Docno: ADMS-01-02-02-0008-0002-0007

Author: Adams, John
Date: 1778-03-07

March 7. Saturday.

The same prosperous Wind, and the same beautifull Weather continue. We proceed in our Course at the Rate of about 200 Miles in 24 Hours. We have passed all the Dangers of the American Coast. Those of the Bay of Biscay, remain. God grant Us, an happy Passage through them all.

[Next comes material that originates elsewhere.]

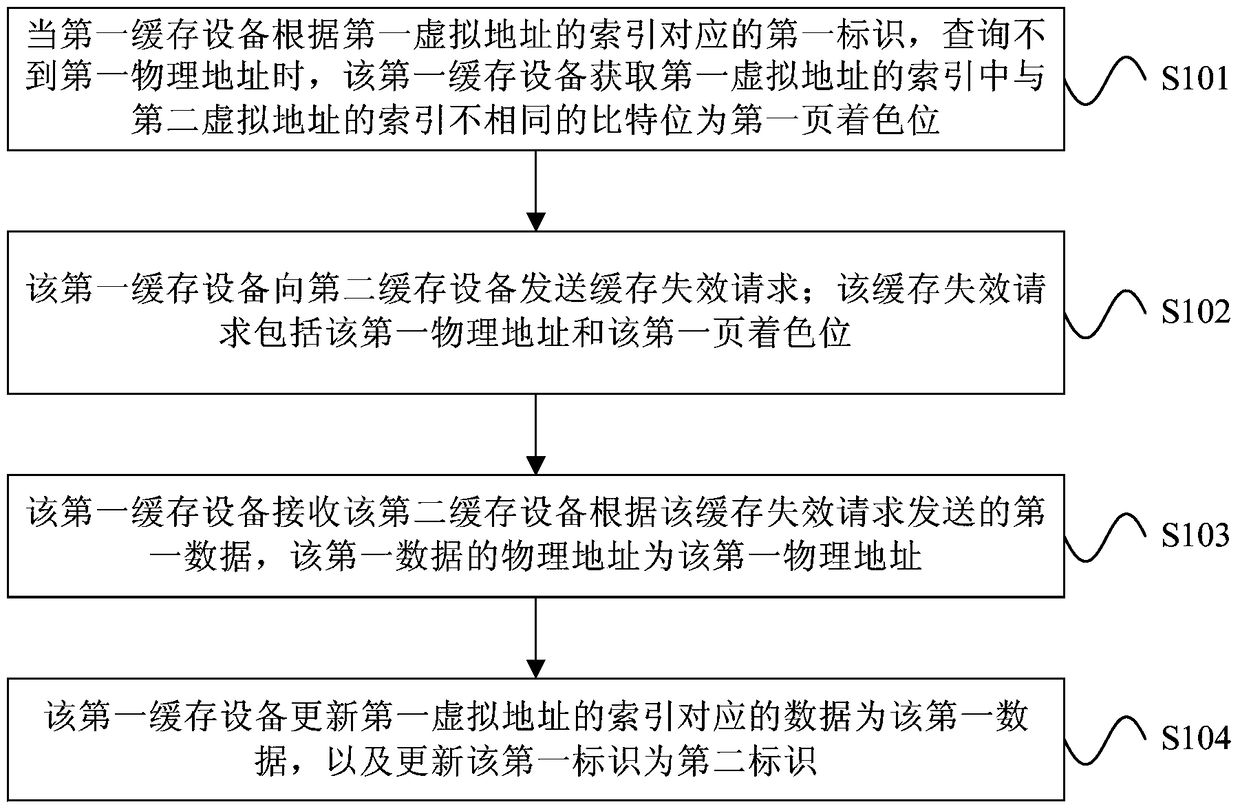 Cache access methods, devices and processors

Yesterday, the Ship was all in an Uproar, with Laughter. The Boatswains Mate asked one of his superiour Officers, if they might have a Frolick.—The Answer was, Yes.—Jere. accordingly, with the old Sailors, proposed to build a Galley, and all the raw Hands to the Number of 20 or 30 were taken in, and suffered themselves to be tyed together, by their Legs. When all of a sudden, Jere. and his knowing ones, were found handing Bucketts of Water over the Sides and pouring them upon the poor Dupes, untill they were wet to the Skin.—The Behaviour of the Gullies,1 their Passions and Speeches and Actions, were { 284 } diverting enough.—So much for Jere's Fun. This Frolick, I suppose, according to the Sailors Reasoning, is to conjure up a Prize.

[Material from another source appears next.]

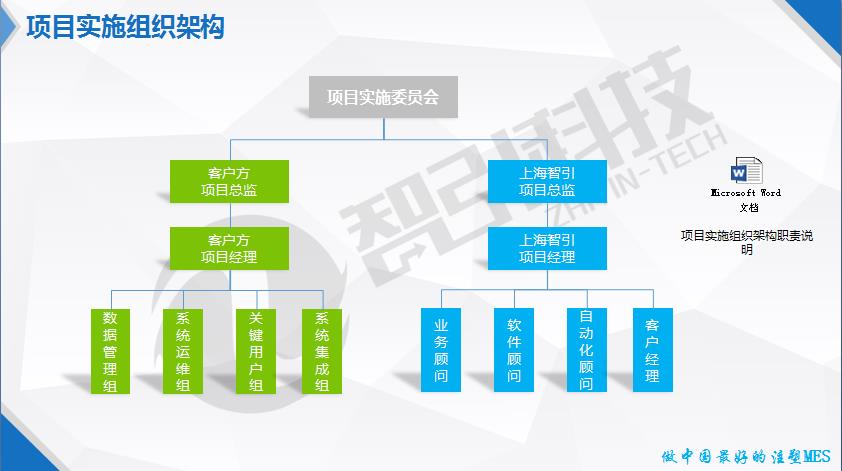 注塑机联网车间生产管理MES系统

This Morning the Captain ordered all Hands upon Deck and took an account of the Number of Souls on board which amounted to 172. Then he ordered the Articles of War to be read to them—after which he ordered all Hands upon the Forecastle and then all Hands upon the Quarter deck, in order to try Experiments, for determining whether any difference was made in the Ships sailing, by the Weight of the Men being forward or abaft. Then all Hands were ordered to their Quarters to exercise them at the Guns. Mr. Barron2 gave the Words of Command and they spent an Hour perhaps in the Exercise, at which they seemed tolerably expert. Then the Captain ordered a Dance, upon the Main Deck, and all Hands, Negroes, Boys and Men were obliged to dance. After this the old Sailors set on Foot another Frolic, called the Miller, or the Mill. I will not spend Time to describe this odd Scaene: but it ended in a very high frolic, in which almost all the Men were powdered over, with Flour, and wet again to the Skin.—Whether these whimsical Diversions are indulged, in order to make the Men wash themselves, and shift their Cloaths, and to wash away Vermin I dont know. But there is not in them the least Ray of Elegance, very little Wit, and a humour of the coarsest Kind. It is not superiour to Negro and Indian Dances.
1. Thus in MS . The meaning is clear, but there is no lexicographical authority for this word.
2. William Barron, of a Virginia family that furnished a number of American naval officers, was first lieutenant of the Boston (Sheppard, Tucker , p. 280; VMHB , 1:66 [July 1893]). For his tragic fate, see entries of 14 and 27 March below.